The SFO’s statement comes as GFG has been left reeling by the collapse of its main financial backer Greensill, a finance group where former prime minister David Cameron was an adviser.
The loose GFG conglomerate of companies that include Liberty Steel employs 35,000 people at metalworks stretching from Wales to Australia.
It recently sought a £170m state bailout of Liberty, the UK’s third-largest producer of the alloy with 3,000 employees. The request was rejected by the UK government.
GFG said it would “co-operate fully” with the SFO investigation.
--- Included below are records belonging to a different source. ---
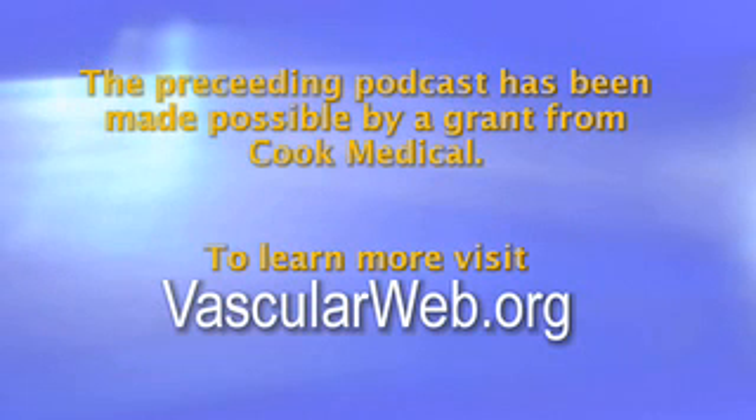This briefing is made possible by a grant from Cook Medical. To learn more about vascular health, visit vascularweb.org.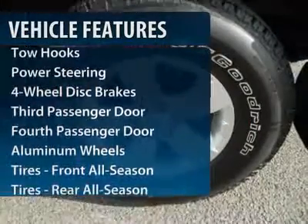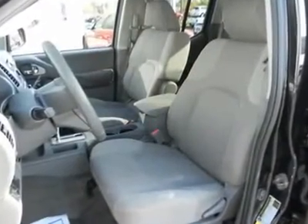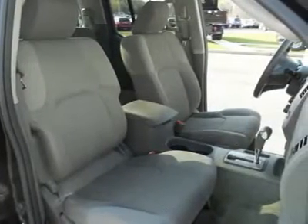Anti-lock braking system, stability control, traction control, air conditioning, driver airbag, power steering, adjustable steering wheel, four-wheel drive, aluminum wheels, four-wheel disc brakes.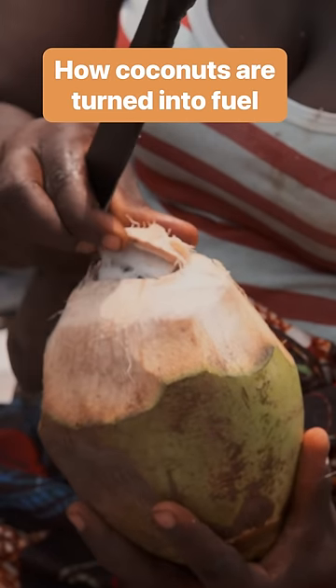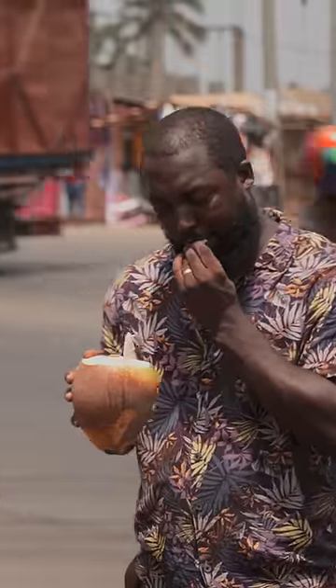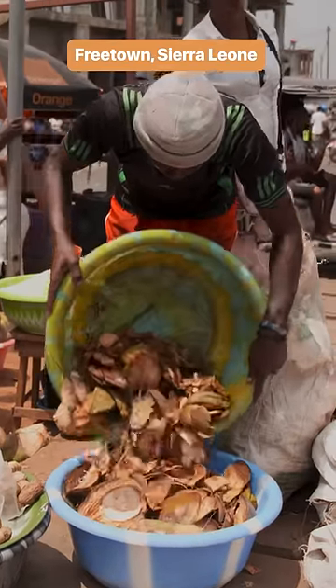Coconuts are one of Freetown's favorite on-the-go snacks. Vendors end the day stuck with heaps of shells that they need to get rid of somehow.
It added that the group was “making progress in the refinancing of its operations which are benefiting from the operational improvements it has made and the very strong steel, aluminium and iron ore markets”.
The group has been in talks with White Oak Global Advisors, a US-based private finance firm, about a £200m loan to provide emergency working capital for its Yorkshire steelworks, but any agreement is still subject to due diligence.
In previous cases, the anti-graft agency has privately assessed matters covertly for several years before formally announcing them, such as in the case of British American Tobacco, which began in 2015 but was officially launched in 2017.
Overwhelming public interest or market requirements are key triggers for bringing a probe into the public domain.
The SFO will examine the links between GFG and Greensill, including the basis on which financing was extended. In April the Financial Times revealed a series of companies named on invoices handed over to Greensill in exchange for cash had denied ever doing business with GFG. Gupta later told the FT that one such company had been listed as a “prospective” customer, and financing was provided on that basis. 
Commodities trading houses have also launched investigations after web domains resembling their own were registered to a GFG employee’s email address.
The SFO takes on the GFG probe at a vulnerable time, having last month torpedoed a trial against two former Serco executives by failing to share certain evidence with the defence. Director Lisa Osofsky is under pressure to secure high-profile convictions, following a series of plea deals that have spared company top brass.
She had been called on by politicians including Tory MP Richard Fuller to initiate a probe, following a number of separate inquiries into the Gupta-Greensill network.
Greensill had $5bn of exposure to GFG when the finance company collapsed in March.
Credit Suisse is seeking to wind up several Liberty Steel companies in the UK and Australia in order to claw back money for customers who invested in Greensill loans through the bank’s funds.